For example, there are now nearly 100 drugs in development for Alzheimer’s disease, dementias and other cognitive disorders, and almost 900 medicines being tested for cancer.

It is government regulation that has become a significant obstacle for drug developers and a disincentive for potential investors. Bringing a new drug to market now requires 10 to 15 years and costs more than $1.3 billion, and the number of drugs approved by the FDA annually is trending downward. Perhaps the most ominous statistic is that manufacturers recoup their R&D costs for only one in five approved drugs, down from one in four about a decade ago.

Many of the challenges to pharmaceutical development are caused by the FDA’s excessive risk aversion, unchecked by congressional oversight, that has forced companies to perform ever-larger, longer, more complex and more expensive clinical trials.
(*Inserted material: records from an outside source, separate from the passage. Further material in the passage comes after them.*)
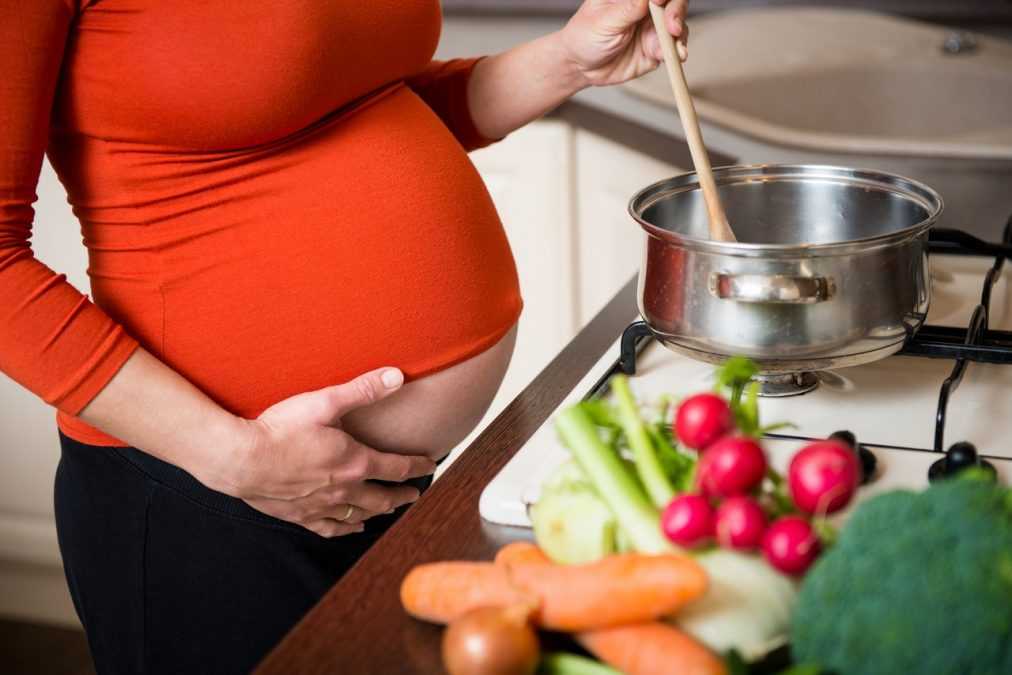 Как оформить бесплатное питание для беременных: порядок действий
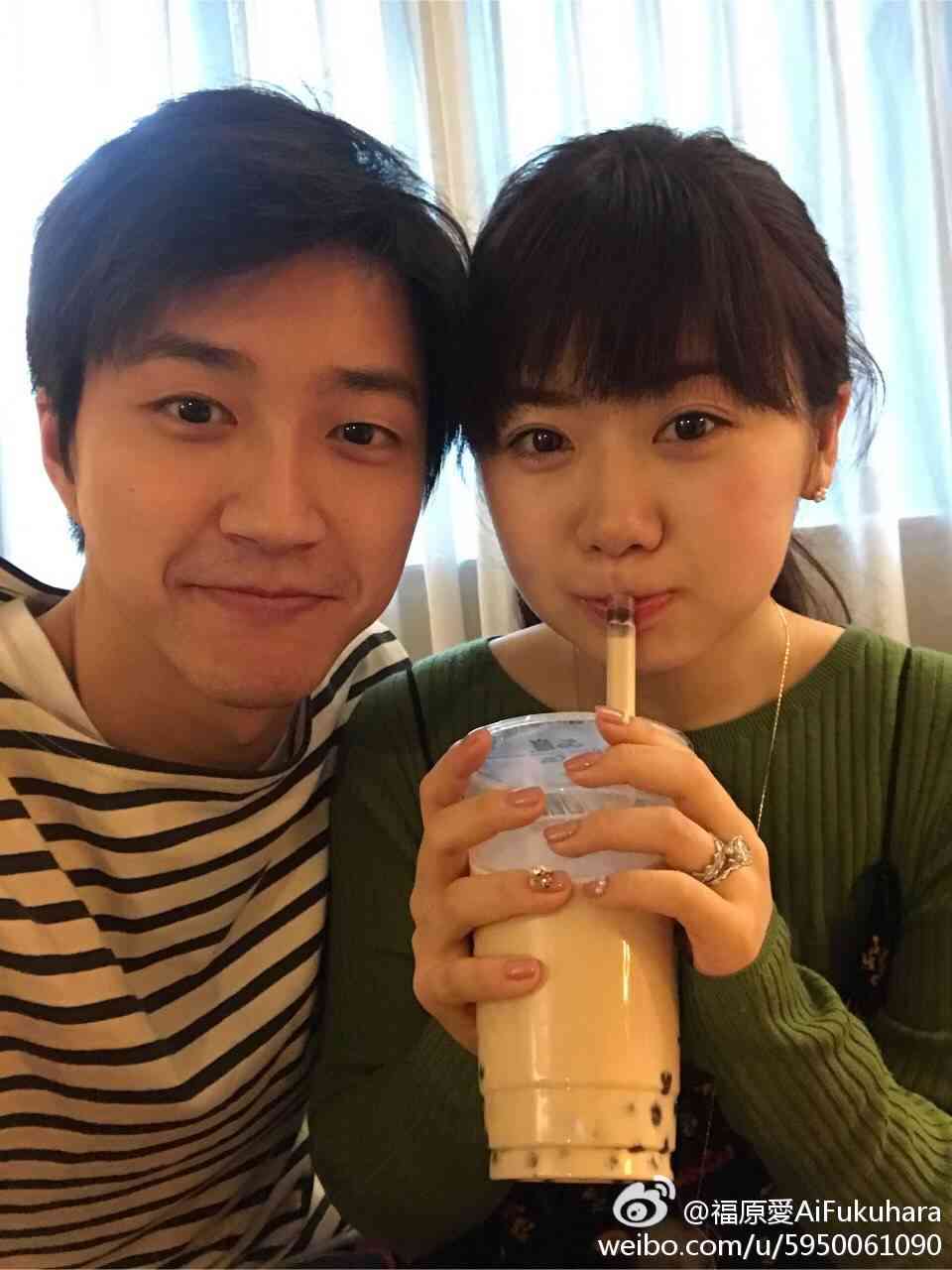 江宏傑が福原愛との新婚生活にのろけ 手料理「全てスキ」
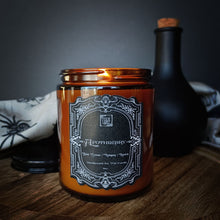 Load image into Gallery viewer, Apothecary || 8oz Scented Soy Wax Candle
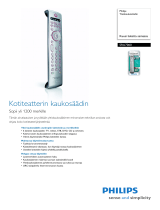 Philips SRU7060/10 Product Datasheet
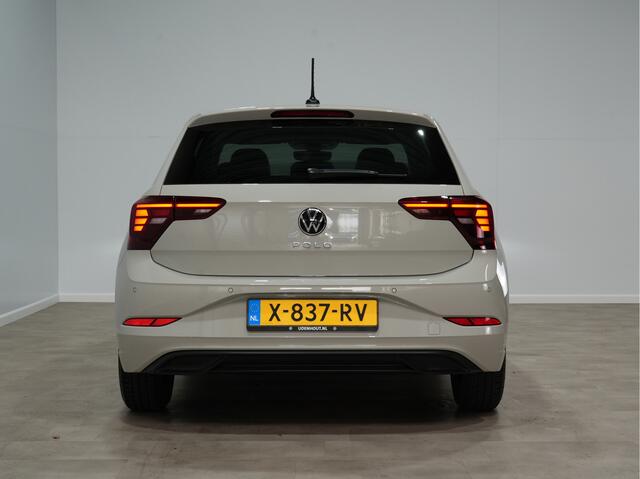 Volkswagen POLO 1.0 TSI Life Camera Android/Carplay LED Acc Stoelverw. Keyless 86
The bill does nothing concrete to drain the regulatory swamp. Instead, it allocates $50 million for activities already underway and offers only vague, boilerplate language: “facilitate innovative and expedited review” and “regular and ongoing communication” between the FDA and drug developers, and promote “regulatory science.”

There are many FDA regulatory issues that Congress should address.

One is the agreement that gives the drug review and drug safety offices within the FDA equal responsibility for “significant safety issues” pertaining to medicines that are under review or have already been approved for marketing. The drug safety group is so narrowly focused on “safety” that it seems oblivious to the fact that because all drugs have side effects, safety cannot be evaluated in a vacuum. Instead, “safety” must be part of a risk-benefit judgment. The group’s motto might be: “If you don’t approve new drugs, you avoid safety problems with them.” These drug safety zealots should be returned to a purely advisory role.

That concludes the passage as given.